The relationship between power output and efficiency of a muscle under different contraction conditions has been examined extensively. Experimental comparisons of the optimum activation conditions for power production and efficiency demonstrate that the frequency of oscillation, length change, duty cycle and phase of activation all affect both the power output and the efficiency of muscle (Barclay,1994; Curtin and Woledge,1996; Ettema,1996). In those experiments, various combinations of phase, duty cycle, length change and frequency of oscillation achieved optimal power output and efficiency. However, the activation patterns used showed a broad optimum and there did not seem to be a direct relationship between power and efficiency. Hence animal muscle has a range of activation patterns and length trajectories in which they can operate at maximal power or maximal efficiency,or perhaps some combination of the two.

We have previously shown that the activation conditions for optimum power output and efficiency can be reproduced using a Hill-type muscle model that estimates the energetic cost of contacting the muscle(Lichtwark and Wilson, 2005). This model was based on experimental data from the white myoseptal muscle of the dogfish and validated using data from the mouse soleus muscle. The inclusion of a series elastic element, which is able to store elastic strain energy for subsequent release, changes the time course of power development from that seen in the muscle fibre bundles themselves. However, muscles that operate with different functions often have a broad range of different elastic tissues (including tendon, aponeurosis, perimyosium and myoseptum) attached both in series and in parallel, and these structures have different levels of compliance. In addition to this, the maximum force-generating capacity of a muscle and the muscle fibre length can vary greatly compared to the compliance of the elastic structures. Therefore the activation conditions and the overall length change of the entire MTU that achieve optimal power output and efficiency should vary greatly between muscles with different architecture and function. It is proposed that the energetic function of a muscle dictates the architecture of the MTU: the length of its muscle fibres, the maximum force-generating capacity and the compliance of the series elastic tissue.

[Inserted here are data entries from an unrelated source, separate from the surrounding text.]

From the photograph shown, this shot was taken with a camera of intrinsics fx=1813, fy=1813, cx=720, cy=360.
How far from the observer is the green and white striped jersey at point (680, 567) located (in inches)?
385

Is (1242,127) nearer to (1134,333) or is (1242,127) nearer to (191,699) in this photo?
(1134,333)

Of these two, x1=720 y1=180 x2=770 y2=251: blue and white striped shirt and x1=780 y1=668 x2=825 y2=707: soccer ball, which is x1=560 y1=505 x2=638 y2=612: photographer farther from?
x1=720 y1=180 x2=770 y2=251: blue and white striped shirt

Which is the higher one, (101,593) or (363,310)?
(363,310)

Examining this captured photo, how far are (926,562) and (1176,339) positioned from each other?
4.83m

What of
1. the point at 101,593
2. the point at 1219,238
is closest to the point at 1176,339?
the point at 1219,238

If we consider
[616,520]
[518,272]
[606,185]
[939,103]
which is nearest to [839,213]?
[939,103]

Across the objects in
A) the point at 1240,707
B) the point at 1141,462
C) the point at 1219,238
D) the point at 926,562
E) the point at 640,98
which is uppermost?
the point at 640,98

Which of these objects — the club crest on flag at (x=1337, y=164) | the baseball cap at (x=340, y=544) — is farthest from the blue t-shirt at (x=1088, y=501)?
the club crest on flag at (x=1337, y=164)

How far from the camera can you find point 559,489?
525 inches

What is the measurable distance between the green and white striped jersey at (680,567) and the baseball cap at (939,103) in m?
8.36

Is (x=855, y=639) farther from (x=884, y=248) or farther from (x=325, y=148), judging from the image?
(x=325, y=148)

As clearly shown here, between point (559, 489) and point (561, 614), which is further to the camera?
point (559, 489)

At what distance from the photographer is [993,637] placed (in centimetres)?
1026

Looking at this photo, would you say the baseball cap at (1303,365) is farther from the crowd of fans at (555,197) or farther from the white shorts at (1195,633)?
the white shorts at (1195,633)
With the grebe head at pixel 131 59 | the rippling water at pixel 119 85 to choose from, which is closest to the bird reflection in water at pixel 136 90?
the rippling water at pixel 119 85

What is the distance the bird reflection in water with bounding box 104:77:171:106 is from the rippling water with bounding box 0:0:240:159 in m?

Variation in the elasticity of a muscle has been predicted, using a model,to affect its function by altering its work-generating capacity and its efficiency under various activation conditions(Ettema, 2001). Although similar power outputs and efficiencies can be obtained with a muscle regardless of the SEE stiffness, these maxima have to be achieved with different activation conditions (i.e. different duty cycles and phases). For instance, muscles with a stiff SEE are most efficient when activated during shortening, whereas a compliant SEE would be most efficient when activated during stretch in a stretch–shorten cycle(Ettema, 2001). A stiff SEE is least efficient when activated early in the stretch phase because the contractile element (CE) is forced to absorb work during the stretch phase and then actively generate work at a high energetic cost. However, the amplitude of length change of a muscle will also alter the proportion of length change occurring in the SEE and the CE and this must also be accounted for when determining the influence of SEE stiffness on muscle power output and efficiency. Finally, the level of activation of a muscle may also have an effect on the time course of events in a cyclic contraction, particularly power output and energetic cost, and therefore its effect on power output and efficiency should also be explored.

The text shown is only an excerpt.